§ TASK TO COMPLETE
Taking the line with "140/55-9/4,00 UMA XT" as the first and the line with "1″ - Remington" as the last, set down exactly every line in that range from the entries below, and no more.

§ MATERIALS PROVIDED
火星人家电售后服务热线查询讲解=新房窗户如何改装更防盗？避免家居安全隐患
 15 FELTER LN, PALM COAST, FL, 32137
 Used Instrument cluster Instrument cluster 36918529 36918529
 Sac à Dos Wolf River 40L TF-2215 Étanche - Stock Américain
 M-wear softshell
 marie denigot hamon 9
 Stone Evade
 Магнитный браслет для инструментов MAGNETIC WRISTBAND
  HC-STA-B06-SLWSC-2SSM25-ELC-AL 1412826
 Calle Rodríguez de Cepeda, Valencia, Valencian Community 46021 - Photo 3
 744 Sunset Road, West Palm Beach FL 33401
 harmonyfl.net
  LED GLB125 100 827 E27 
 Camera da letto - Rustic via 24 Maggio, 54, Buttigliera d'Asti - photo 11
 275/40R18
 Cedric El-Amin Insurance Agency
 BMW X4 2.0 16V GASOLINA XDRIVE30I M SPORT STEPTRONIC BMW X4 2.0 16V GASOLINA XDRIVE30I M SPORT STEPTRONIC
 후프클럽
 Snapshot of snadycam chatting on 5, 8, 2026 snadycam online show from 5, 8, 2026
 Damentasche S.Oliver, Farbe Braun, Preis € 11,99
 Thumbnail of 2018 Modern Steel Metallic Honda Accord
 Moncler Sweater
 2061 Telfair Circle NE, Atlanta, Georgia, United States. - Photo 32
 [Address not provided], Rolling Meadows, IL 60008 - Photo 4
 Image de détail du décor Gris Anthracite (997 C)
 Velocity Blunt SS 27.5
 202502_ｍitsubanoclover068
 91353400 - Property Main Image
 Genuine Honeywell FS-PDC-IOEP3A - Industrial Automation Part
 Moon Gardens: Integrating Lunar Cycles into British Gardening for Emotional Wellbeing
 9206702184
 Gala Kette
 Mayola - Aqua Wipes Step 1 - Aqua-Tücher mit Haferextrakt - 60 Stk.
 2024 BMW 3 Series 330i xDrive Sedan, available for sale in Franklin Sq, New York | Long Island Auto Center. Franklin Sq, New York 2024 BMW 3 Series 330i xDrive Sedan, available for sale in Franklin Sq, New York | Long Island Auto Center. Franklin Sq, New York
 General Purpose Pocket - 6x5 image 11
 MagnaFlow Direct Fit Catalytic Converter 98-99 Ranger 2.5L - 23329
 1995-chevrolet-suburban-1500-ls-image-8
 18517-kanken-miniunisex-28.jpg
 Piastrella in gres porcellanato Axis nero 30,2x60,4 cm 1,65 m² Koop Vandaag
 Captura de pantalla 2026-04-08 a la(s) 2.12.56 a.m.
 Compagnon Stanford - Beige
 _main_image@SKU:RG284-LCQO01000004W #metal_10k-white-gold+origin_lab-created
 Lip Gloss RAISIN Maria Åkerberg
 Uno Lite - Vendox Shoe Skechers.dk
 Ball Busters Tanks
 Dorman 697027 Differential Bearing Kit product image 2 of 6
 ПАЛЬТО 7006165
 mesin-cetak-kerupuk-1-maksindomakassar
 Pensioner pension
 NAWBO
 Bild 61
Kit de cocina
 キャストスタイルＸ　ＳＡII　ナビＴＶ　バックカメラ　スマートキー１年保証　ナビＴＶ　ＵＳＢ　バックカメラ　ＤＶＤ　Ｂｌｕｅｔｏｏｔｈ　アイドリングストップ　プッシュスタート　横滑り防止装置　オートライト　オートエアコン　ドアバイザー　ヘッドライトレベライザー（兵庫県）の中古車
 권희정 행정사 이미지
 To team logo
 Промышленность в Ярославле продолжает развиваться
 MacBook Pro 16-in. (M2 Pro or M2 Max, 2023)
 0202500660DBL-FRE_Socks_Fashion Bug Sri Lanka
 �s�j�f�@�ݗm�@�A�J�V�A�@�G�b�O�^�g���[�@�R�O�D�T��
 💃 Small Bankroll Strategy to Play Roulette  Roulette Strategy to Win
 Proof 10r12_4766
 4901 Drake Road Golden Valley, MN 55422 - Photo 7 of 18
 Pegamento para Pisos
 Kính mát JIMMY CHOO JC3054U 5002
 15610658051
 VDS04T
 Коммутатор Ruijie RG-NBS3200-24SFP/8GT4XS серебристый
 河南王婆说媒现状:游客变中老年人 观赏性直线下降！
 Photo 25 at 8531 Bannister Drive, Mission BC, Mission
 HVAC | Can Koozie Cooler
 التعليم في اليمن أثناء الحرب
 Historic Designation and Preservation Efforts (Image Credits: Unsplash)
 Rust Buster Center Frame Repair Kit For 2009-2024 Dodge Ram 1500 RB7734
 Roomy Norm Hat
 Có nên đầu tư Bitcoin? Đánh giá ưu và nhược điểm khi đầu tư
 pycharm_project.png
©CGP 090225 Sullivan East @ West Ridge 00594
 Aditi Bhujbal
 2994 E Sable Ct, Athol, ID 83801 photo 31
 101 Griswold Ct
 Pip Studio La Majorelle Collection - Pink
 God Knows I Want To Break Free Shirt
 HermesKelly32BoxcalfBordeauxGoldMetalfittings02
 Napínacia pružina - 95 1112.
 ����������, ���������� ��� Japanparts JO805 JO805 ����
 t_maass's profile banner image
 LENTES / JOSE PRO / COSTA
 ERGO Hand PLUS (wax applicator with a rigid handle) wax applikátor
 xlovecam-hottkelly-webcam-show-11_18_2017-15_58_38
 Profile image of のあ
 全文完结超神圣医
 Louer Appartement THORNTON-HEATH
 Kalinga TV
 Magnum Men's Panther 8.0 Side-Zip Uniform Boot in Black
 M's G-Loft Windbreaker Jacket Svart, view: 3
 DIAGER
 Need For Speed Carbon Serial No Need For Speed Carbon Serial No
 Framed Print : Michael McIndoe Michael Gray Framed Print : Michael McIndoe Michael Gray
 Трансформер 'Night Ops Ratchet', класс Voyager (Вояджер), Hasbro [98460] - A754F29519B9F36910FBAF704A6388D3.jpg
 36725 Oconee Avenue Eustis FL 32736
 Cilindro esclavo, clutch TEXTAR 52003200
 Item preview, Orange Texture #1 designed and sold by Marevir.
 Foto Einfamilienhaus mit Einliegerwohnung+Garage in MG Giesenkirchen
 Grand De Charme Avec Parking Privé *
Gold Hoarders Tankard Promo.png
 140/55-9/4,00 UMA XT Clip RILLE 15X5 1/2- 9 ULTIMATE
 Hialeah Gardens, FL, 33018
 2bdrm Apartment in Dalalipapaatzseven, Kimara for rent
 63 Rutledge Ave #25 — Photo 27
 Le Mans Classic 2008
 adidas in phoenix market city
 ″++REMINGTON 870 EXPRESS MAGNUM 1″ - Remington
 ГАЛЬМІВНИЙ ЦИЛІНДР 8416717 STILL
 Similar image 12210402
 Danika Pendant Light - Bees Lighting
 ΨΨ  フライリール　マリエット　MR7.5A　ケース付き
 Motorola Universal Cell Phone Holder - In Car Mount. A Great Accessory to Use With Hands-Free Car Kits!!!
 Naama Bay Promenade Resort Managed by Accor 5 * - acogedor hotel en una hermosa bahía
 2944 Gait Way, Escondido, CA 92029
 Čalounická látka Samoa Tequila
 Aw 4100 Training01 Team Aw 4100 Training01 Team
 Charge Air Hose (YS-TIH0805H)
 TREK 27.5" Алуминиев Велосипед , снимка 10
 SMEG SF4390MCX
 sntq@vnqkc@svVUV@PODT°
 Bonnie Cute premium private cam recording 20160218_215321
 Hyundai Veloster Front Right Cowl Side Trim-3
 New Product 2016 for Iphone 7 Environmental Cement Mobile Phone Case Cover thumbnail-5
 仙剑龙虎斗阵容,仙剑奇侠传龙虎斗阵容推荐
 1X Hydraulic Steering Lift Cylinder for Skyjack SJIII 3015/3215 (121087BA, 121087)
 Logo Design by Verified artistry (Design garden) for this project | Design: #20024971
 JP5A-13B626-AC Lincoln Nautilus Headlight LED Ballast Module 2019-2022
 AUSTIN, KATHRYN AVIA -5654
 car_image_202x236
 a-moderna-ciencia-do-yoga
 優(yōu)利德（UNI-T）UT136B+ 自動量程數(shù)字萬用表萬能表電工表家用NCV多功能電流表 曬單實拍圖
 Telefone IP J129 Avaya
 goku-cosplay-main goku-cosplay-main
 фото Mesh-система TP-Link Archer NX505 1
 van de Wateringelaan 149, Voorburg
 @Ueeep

§ EXPECTED ANSWER
 140/55-9/4,00 UMA XT Clip RILLE 15X5 1/2- 9 ULTIMATE
 Hialeah Gardens, FL, 33018
 2bdrm Apartment in Dalalipapaatzseven, Kimara for rent
 63 Rutledge Ave #25 — Photo 27
 Le Mans Classic 2008
 adidas in phoenix market city
 ″++REMINGTON 870 EXPRESS MAGNUM 1″ - Remington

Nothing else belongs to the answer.